*** THE DATA ***

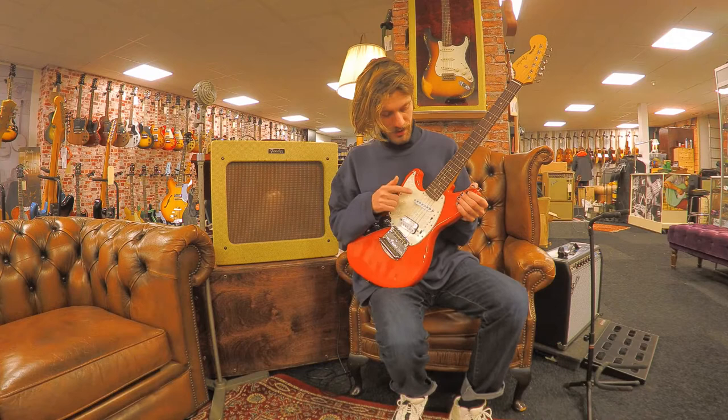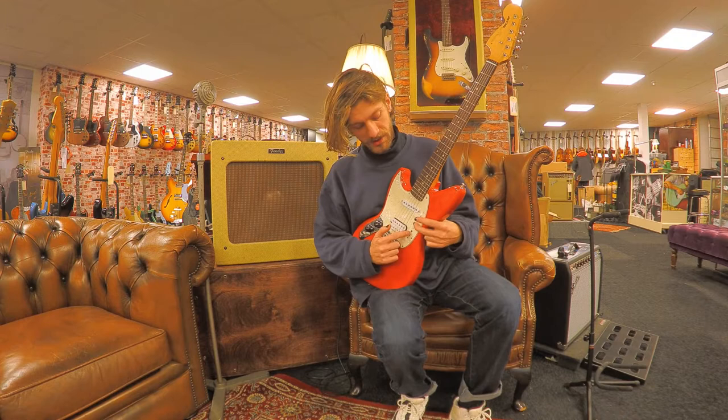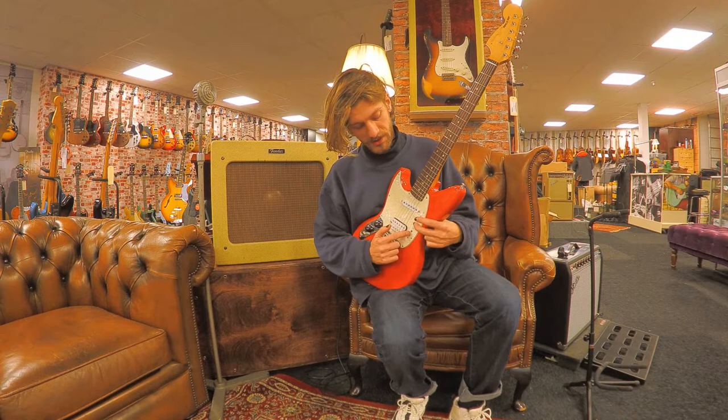It has two pickups: a humbucker in the bridge position and a single coil in the neck. You can turn them on and off individually, and you can put them in phase or out of phase with these slider knobs, which gives a lot of variety in the tones you can get out of this thing.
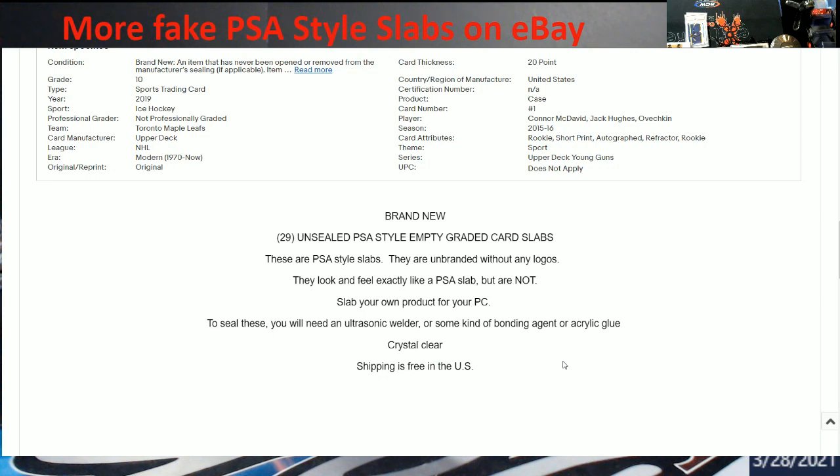To me it's one of those things where somebody's trying to sell their stuff, and I don't think it's a good thing. You should just say 'empty graded slabs that you could use.' I wouldn't even use the word PSA on it, because of everything that's been going on the last few months.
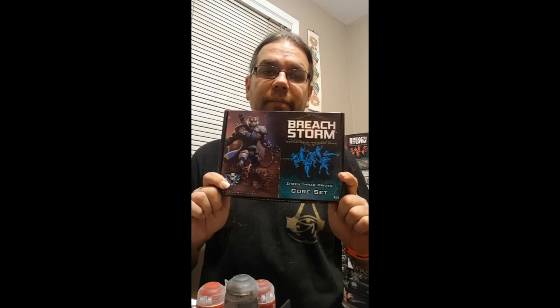Next up on Slinging Paint: Breach Storm by Breach Storm Entertainment. We'll catch everybody in the workshop.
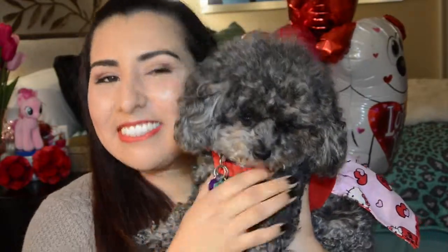Alright everybody, so this is the finished look. I hope you guys like it. I hope you have a great Valentine's Day with whoever you're going out with — if it's your significant other, a date, your friends, it really doesn't matter. Just go out and have fun and enjoy. Bye everybody! And even Rory is ready for Valentine's Day — she has her very cute Hello Kitty dresser. See you guys next time.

*** End of THE DATA ***

### PROBLEM DETAILS:
Each line of the data must be restated exactly, and the pictures must be left out.

### RESPONSE AREA:
It has two pickups: a humbucker in the bridge position and a single coil in the neck. You can turn them on and off individually, and you can put them in phase or out of phase with these slider knobs, which gives a lot of variety in the tones you can get out of this thing.
To me it's one of those things where somebody's trying to sell their stuff, and I don't think it's a good thing. You should just say 'empty graded slabs that you could use.' I wouldn't even use the word PSA on it, because of everything that's been going on the last few months.
Next up on Slinging Paint: Breach Storm by Breach Storm Entertainment. We'll catch everybody in the workshop.
Alright everybody, so this is the finished look. I hope you guys like it. I hope you have a great Valentine's Day with whoever you're going out with — if it's your significant other, a date, your friends, it really doesn't matter. Just go out and have fun and enjoy. Bye everybody! And even Rory is ready for Valentine's Day — she has her very cute Hello Kitty dresser. See you guys next time.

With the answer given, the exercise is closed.